Question

show work to receive full credit. when necessary, put your final answer, with appropriate units, in the provided space. unless otherwise stated, round answers to two decimal places. you may use the desmos calculator. below is the cost per student in thousands of dollars from a sample of 10 universities. use this information to answer the following questions. 23, 26, 20, 18, 22, 24, 19, 25, 21, 20 1. find the following summary statistics: mean____ median__ mode__ range__ interquartile range__ standard deviation____ 2. another college is asked and says students pay $15,000. what is the effect on the mean and standard deviation?

Explanation:

Step1: Arrange data in ascending order

18, 19, 20, 20, 21, 22, 23, 24, 25, 26

Step2: Calculate the mean

The mean $\bar{x}=\frac{\sum_{i = 1}^{n}x_{i}}{n}$, where $n = 10$ and $x_{i}$ are the data - points.
$\sum_{i=1}^{10}x_{i}=18 + 19+20+20+21+22+23+24+25+26=218$
$\bar{x}=\frac{218}{10}=21.8$

Step3: Calculate the median

Since $n = 10$ (even), the median is the average of the $\frac{n}{2}$th and $(\frac{n}{2}+1)$th ordered values.
The 5th value is 21 and the 6th value is 22. Median $=\frac{21 + 22}{2}=21.5$

Step4: Calculate the mode

The mode is the most frequently occurring value. Here, 20 occurs twice, so mode = 20

Step5: Calculate the range

Range = Maximum value - Minimum value. Maximum value = 26, Minimum value = 18. Range = 26 - 18=8

Step6: Calculate the quartiles

The lower half of the data is 18, 19, 20, 20, 21. The first - quartile $Q_{1}$ is the median of the lower half.
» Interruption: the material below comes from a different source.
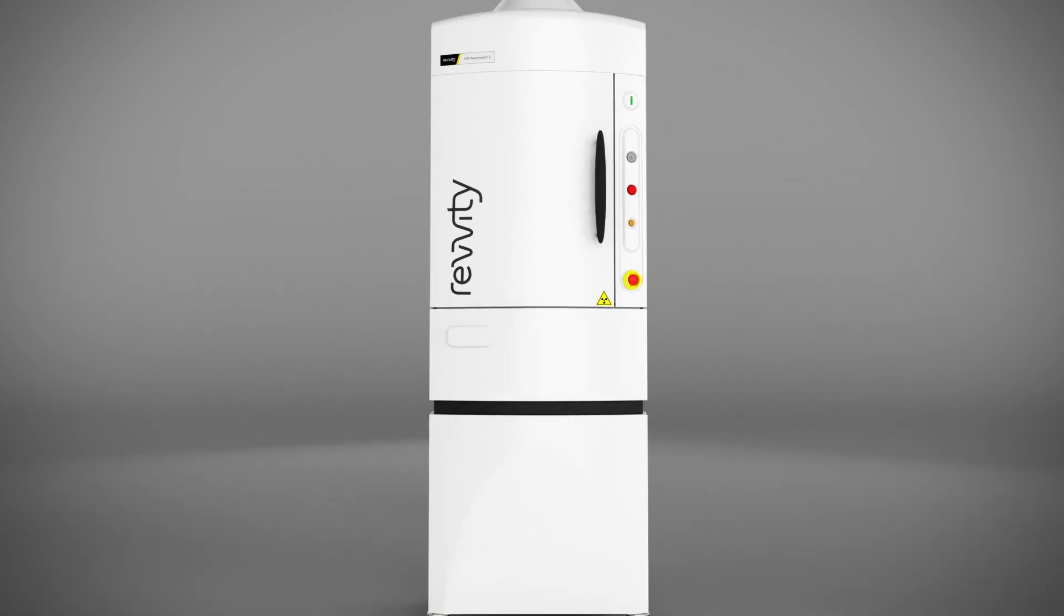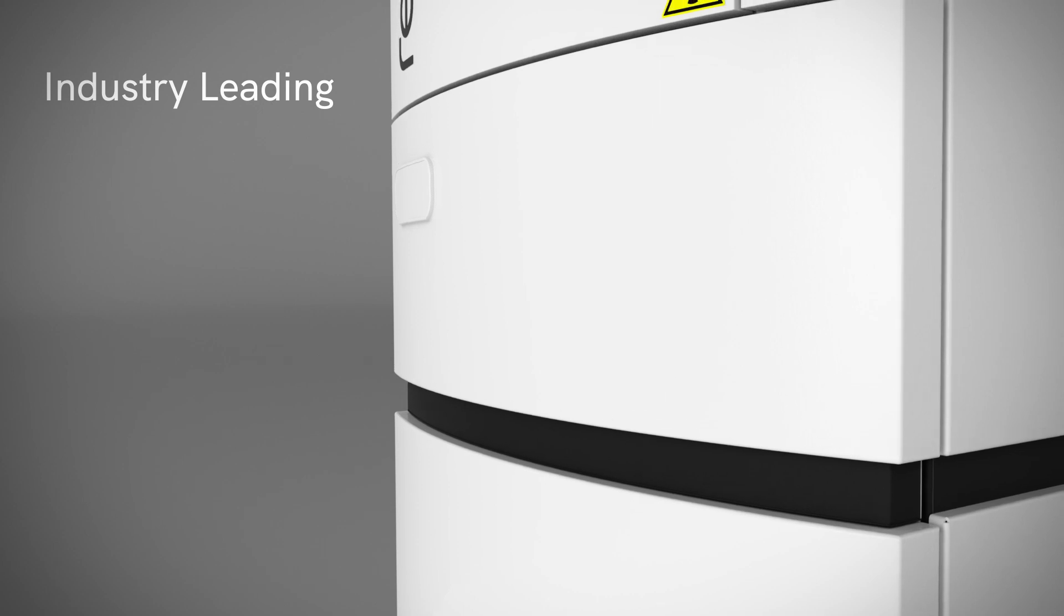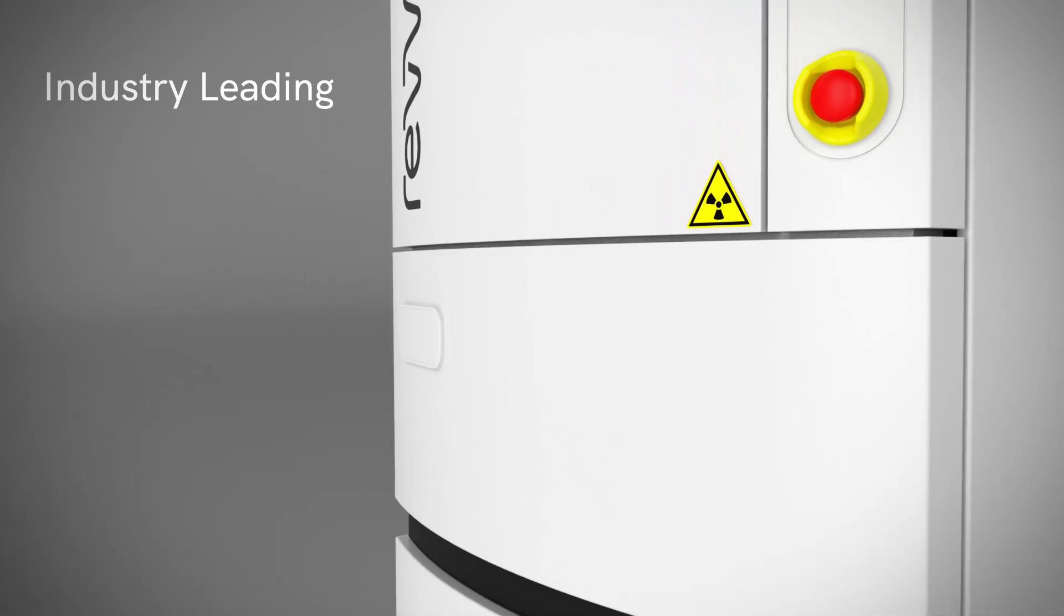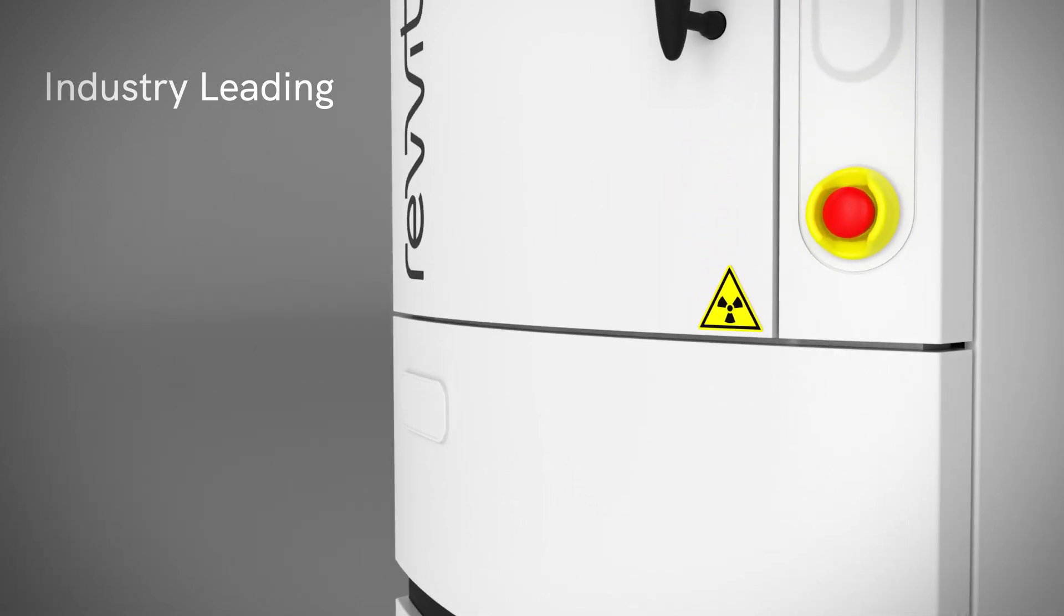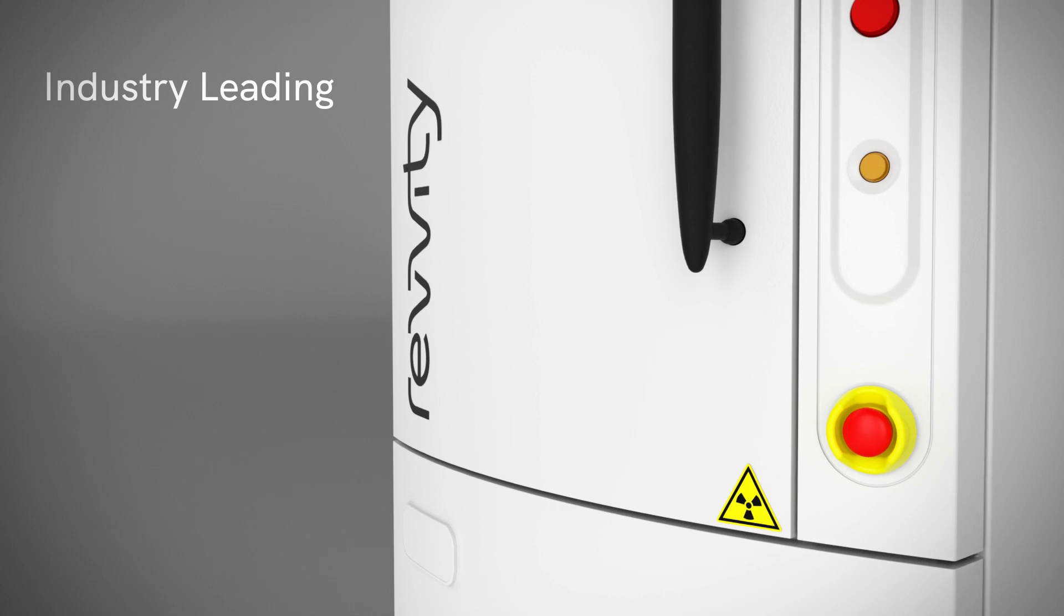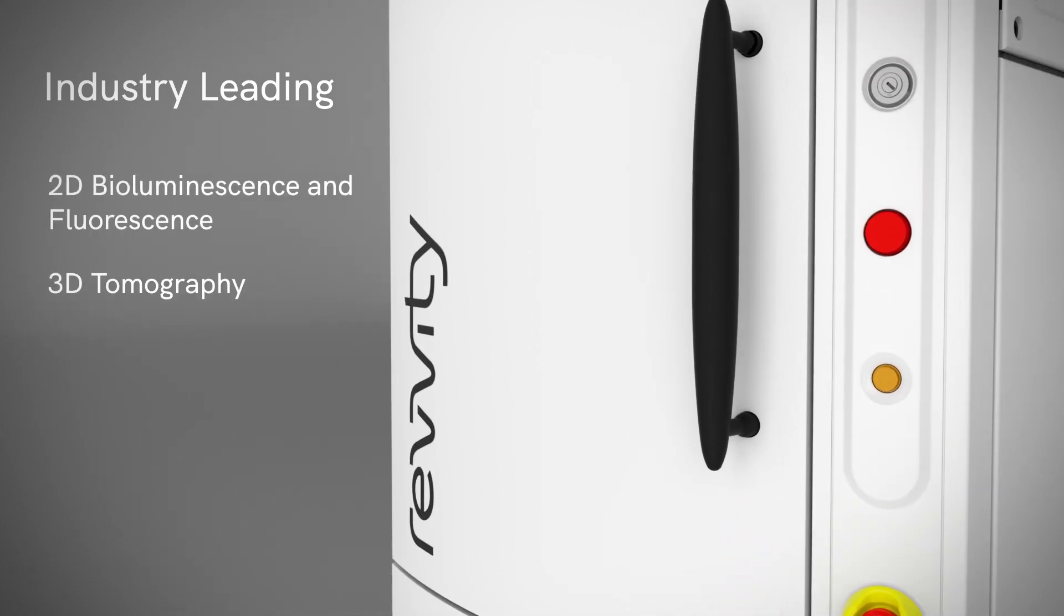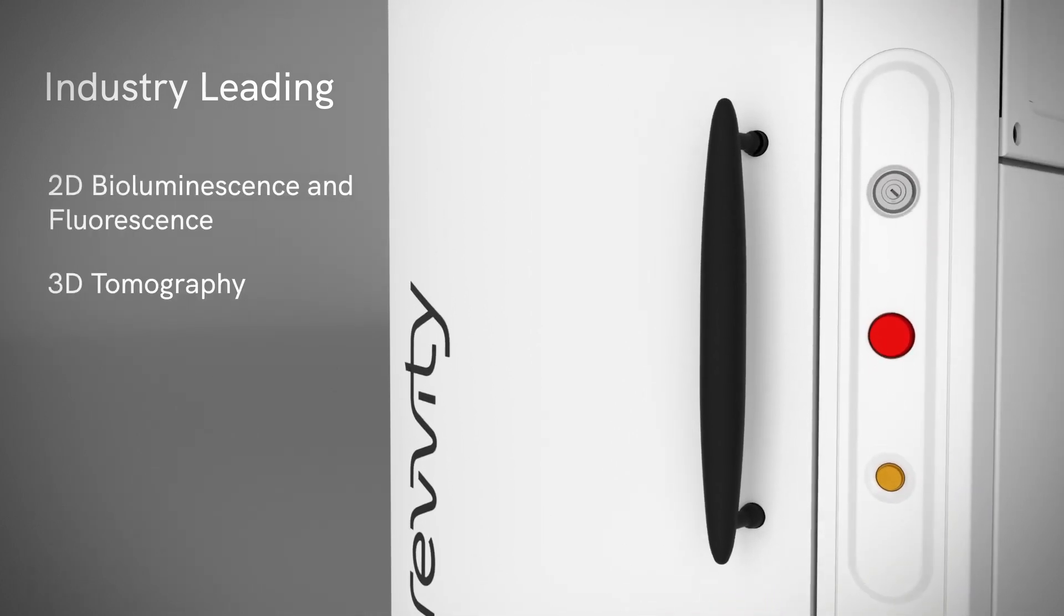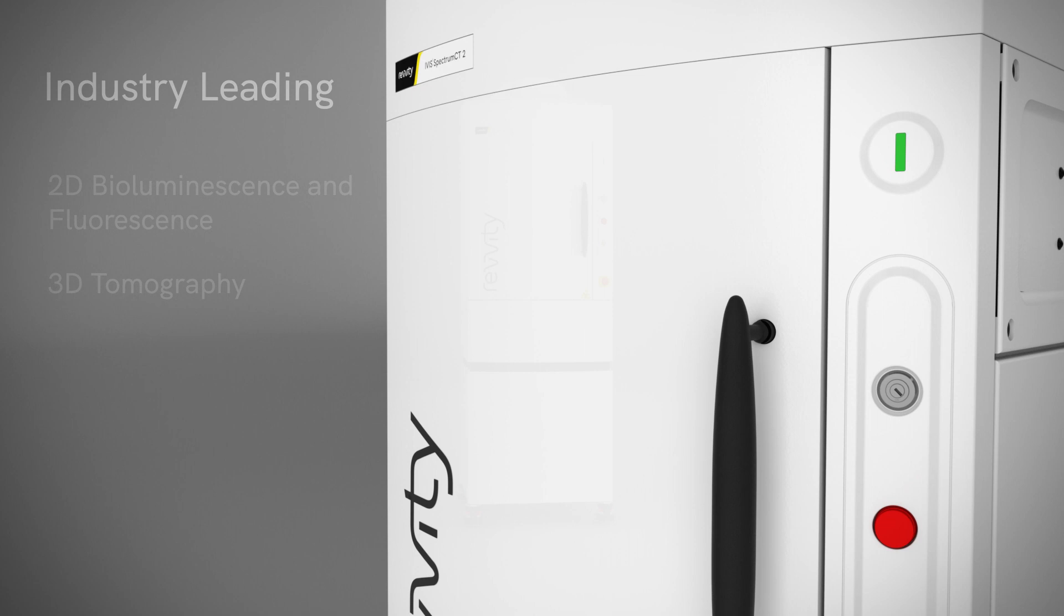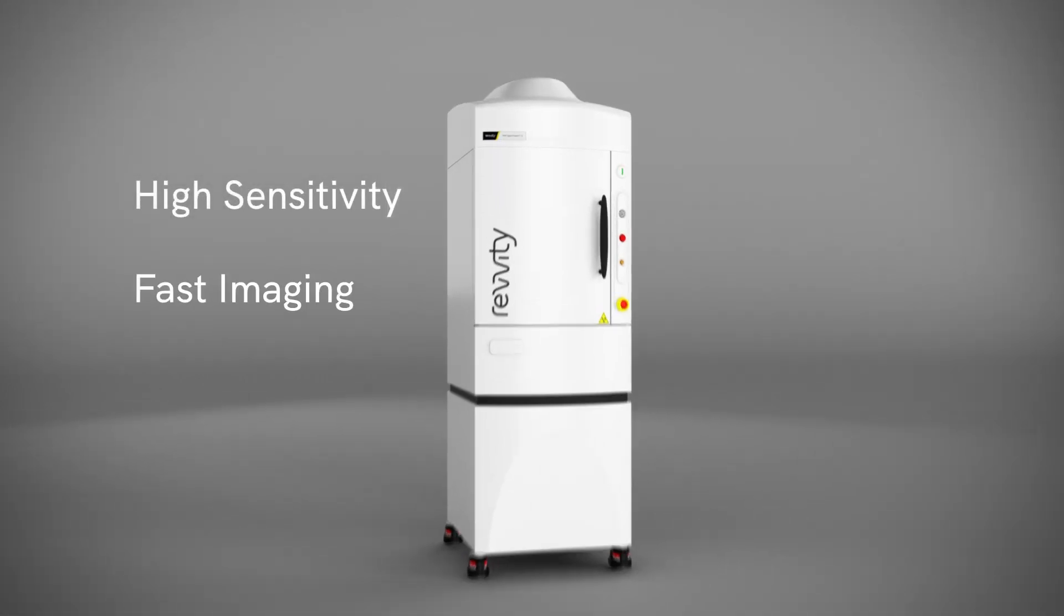Built upon our reputation as the industry leader in optical imaging with our flagship IVIS systems, the IVIS Spectrum 2 series is the ultimate platform for quantitative 2D and 3D bioluminescence and fluorescence imaging, offering high sensitivity and speed.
So $Q_{1}=20$
The upper half of the data is 22, 23, 24, 25, 26. The third - quartile $Q_{3}$ is the median of the upper half. So $Q_{3}=24$
Inter - quartile range $IQR=Q_{3}-Q_{1}=24 - 20 = 4$

Step7: Calculate the standard deviation

The formula for the sample standard deviation $s=\sqrt{\frac{\sum_{i = 1}^{n}(x_{i}-\bar{x})^{2}}{n - 1}}$
$(x_{1}-\bar{x})^{2}=(18 - 21.8)^{2}=(-3.8)^{2}=14.44$
$(x_{2}-\bar{x})^{2}=(19 - 21.8)^{2}=(-2.8)^{2}=7.84$
$(x_{3}-\bar{x})^{2}=(20 - 21.8)^{2}=(-1.8)^{2}=3.24$
$(x_{4}-\bar{x})^{2}=(20 - 21.8)^{2}=(-1.8)^{2}=3.24$
$(x_{5}-\bar{x})^{2}=(21 - 21.8)^{2}=(-0.8)^{2}=0.64$
$(x_{6}-\bar{x})^{2}=(22 - 21.8)^{2}=(0.2)^{2}=0.04$
$(x_{7}-\bar{x})^{2}=(23 - 21.8)^{2}=(1.2)^{2}=1.44$
$(x_{8}-\bar{x})^{2}=(24 - 21.8)^{2}=(2.2)^{2}=4.84$
$(x_{9}-\bar{x})^{2}=(25 - 21.8)^{2}=(3.2)^{2}=10.24$
$(x_{10}-\bar{x})^{2}=(26 - 21.8)^{2}=(4.2)^{2}=17.64$
$\sum_{i = 1}^{10}(x_{i}-\bar{x})^{2}=14.44+7.84+3.24+3.24+0.64+0.04+1.44+4.84+10.24+17.64 = 63.6$
$s=\sqrt{\frac{63.6}{9}}\approx2.66$

Step8: Analyze the effect of a new data - point

The original mean is 21.8. The new sum with the new data - point $x = 15$ (since it's in thousands) is $218+15=233$ and the new $n = 11$. The new mean $\bar{x}_{new}=\frac{233}{11}\approx21.18$, so the mean decreases.
The original standard deviation is based on the spread of the data around 21.8. The new data - point 15 is further from the original mean than most of the original data - points. So the standard deviation will increase as the new data - point increases the overall spread of the data.

Answer:

Mean: 21.8
Median: 21.5
Mode: 20
Range: 8
Interquartile Range: 4
Standard Deviation: 2.66

1. The mean decreases and the standard deviation increases.